Before copying, set aside the pictures; then restate exactly the lines from the one with "Una camera da" through the last line of the records.
(Beginning of Data section)
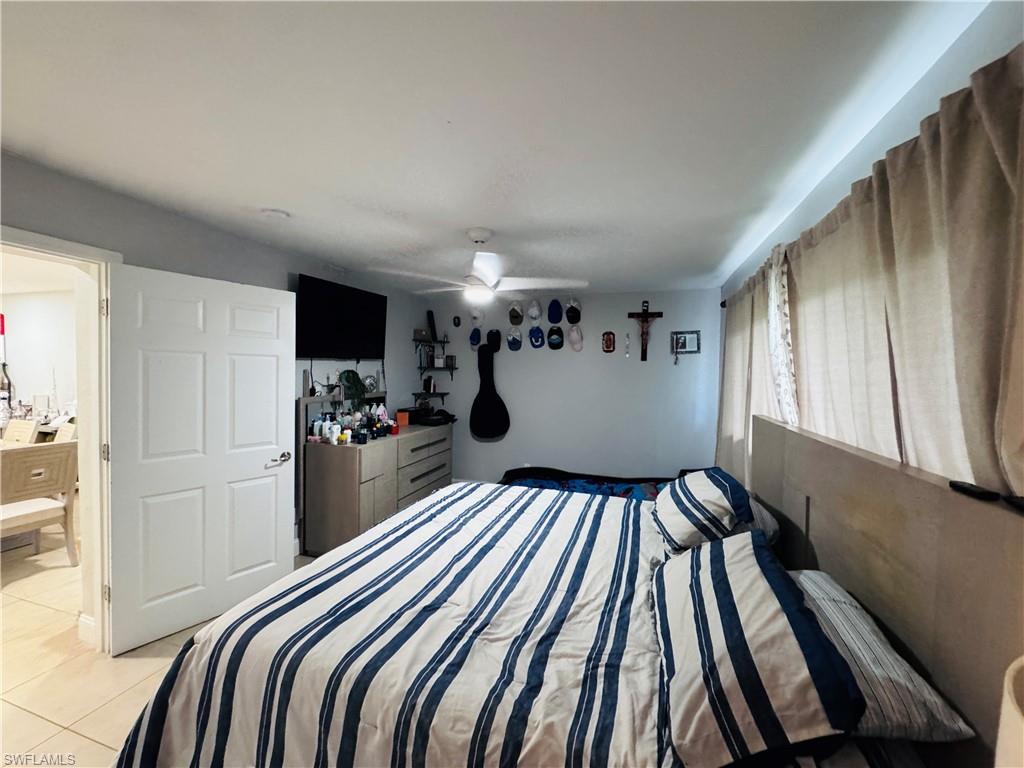 Bedroom featuring light tile patterned flooring and a ceiling fan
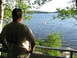 1986 Ford Bronco - A man stands on a porch, gazing out at a tranquil lake surrounded by lush greenery.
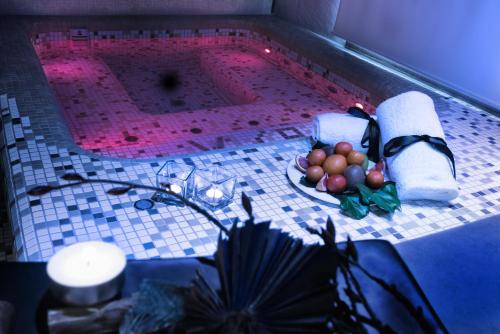 a swimming pool with a plate of fruit on a table at UNAHOTELS Villa dei Platani Foligno in Foligno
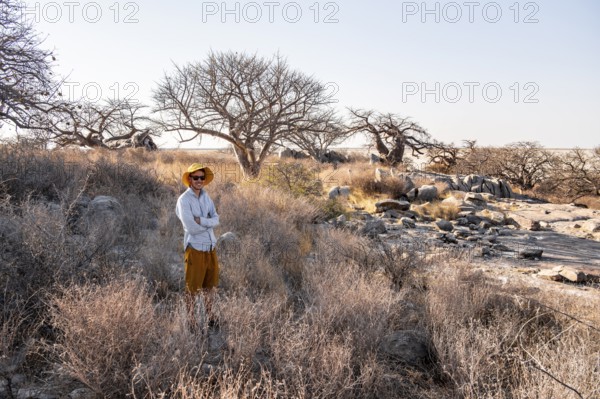 Tourist, African baobab or baobab tree (Adansonia digitata), Dry landscape, Kubu Island (Lekubu),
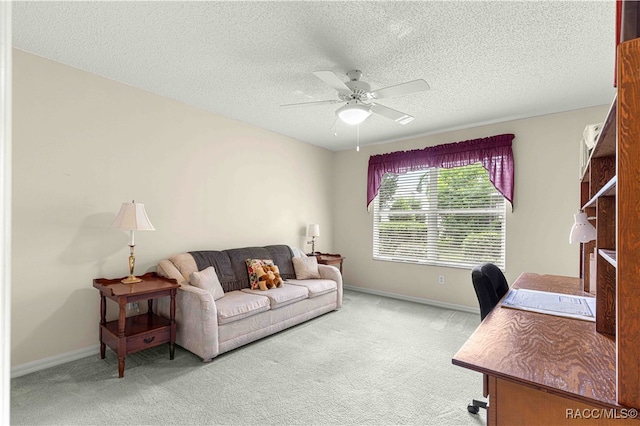 carpeted home office featuring ceiling fan and a textured ceiling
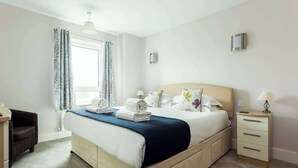 Una camera da letto ordinata con un letto, comodini, una sedia e una finestra con tende.
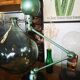 Old green metallic Jieldé lamp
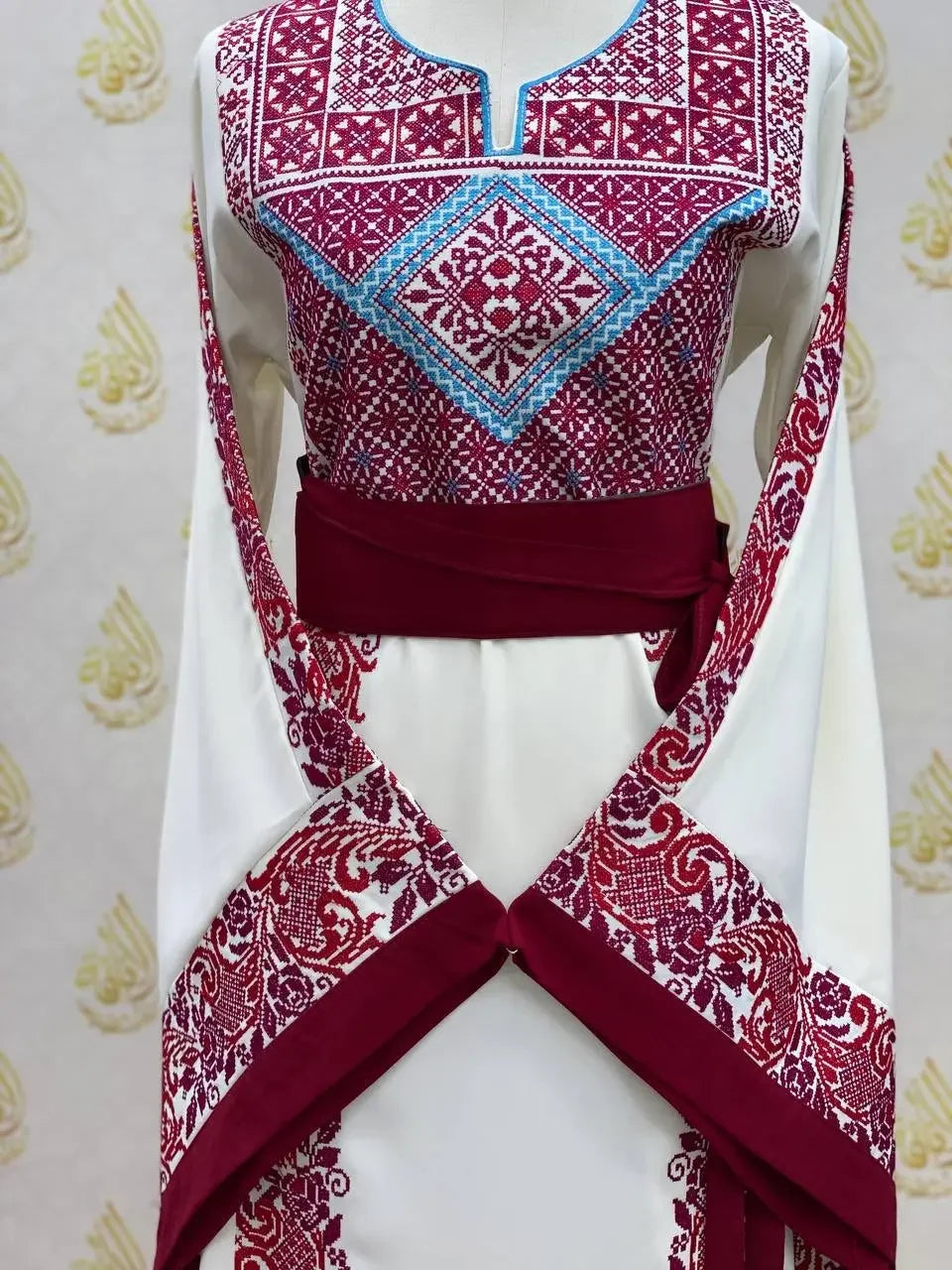 Palestinian Elegance embroidered modest fashion dress with detailed red and blue embroidery on white fabric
(End of Data section)
*Answer to the problem*
 Una camera da letto ordinata con un letto, comodini, una sedia e una finestra con tende.
 Old green metallic Jieldé lamp
 Palestinian Elegance embroidered modest fashion dress with detailed red and blue embroidery on white fabric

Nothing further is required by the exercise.